Money is an anxiety-inducing topic. Short-term investing, long-term investing, budgeting, savings — all of these are terms that create walls between being financially responsible and just pretending that your debit account has no end in sight.
As a first-generation Latinx in the United States, I also have the added reality of having to learn a lot about finance on my own and for the first time. In conversation with a friend we spoke on how we were the first time in our family’s history where “survival” was already taken care of — we had disposable income, the question was now, what were we going to do with it?
Ashley Feinstein Gerstley is a Money Coach, Financial Nutritionist and runs The Fiscal Femme. As a Latina who is trying to get her finances in order, I asked Ashley to shed some light on best practices that have happiness and feeling good about my money at the core.
Feinstein Gerstley explained that the first step is to keep a money journal. The goal is to see a visual representation of all you spend and receive, this way it puts the one too many Uber ride into a better context.
Here are 8 more tips to get your financial health in order.
Give yourself exciting finance goals
“Start with the fun part. What are your goals? What are you saving for? What do you want to achieve with your finances? Not only does coming up with exciting goals motivate us, it quantifies where we want to be so we can figure out how to get there!”
Adopt a powerful money mantra
“We tell ourselves some pretty terrible things about ourselves and money. And when we do this over and over it becomes our money mantra. We typically think of mantras as being positive but they can be negative as well. The good news is, we can replace our non-serving money mantra with something much more powerful. Our old money mantras are bound to come up but we can recognize them, notice that they are no longer true for us and replace them with our powerful new money mantra.”
Think of investing in the long term
“We don't want to invest our short-term saving like our rainy day fund or the cash we plan on using for vacation. By thinking of investing as a longer-term strategy, we have already mitigated a lot of the risk because now we have the time to wait out any shifts or downturns in the market. If you are nervous to start, start small. You can start investing with just a couple hundred dollars. We learn by doing and get more comfortable as we practice.”
Forget ‘budgeting’ go for ‘happiness allocation’
“I actually hate the word budget because it typically makes us think of restriction and saying no to ourselves (Kind of like a diet. Food and money are really similar.). I call budgets happiness allocations because I think that's a much better description.
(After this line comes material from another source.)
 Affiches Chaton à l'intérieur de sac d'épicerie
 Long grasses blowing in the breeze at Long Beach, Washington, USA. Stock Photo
They are plans where we decide how to allocate our money in the ways that are going to make us the happiest in the short and long-term. Once the plan works, we can spend what we plan guilt-free.”
(Really) treat yourself.
“It's important to remember what we really want as far as our goals and values. We want to align our spending with what's important to us as much as possible in order to get the most happiness per dollar and meaning from our spending. Maybe going on vacation is a true treat or paying down your credit card debt. Look at each expense in terms of your goals. Is it still worth it?”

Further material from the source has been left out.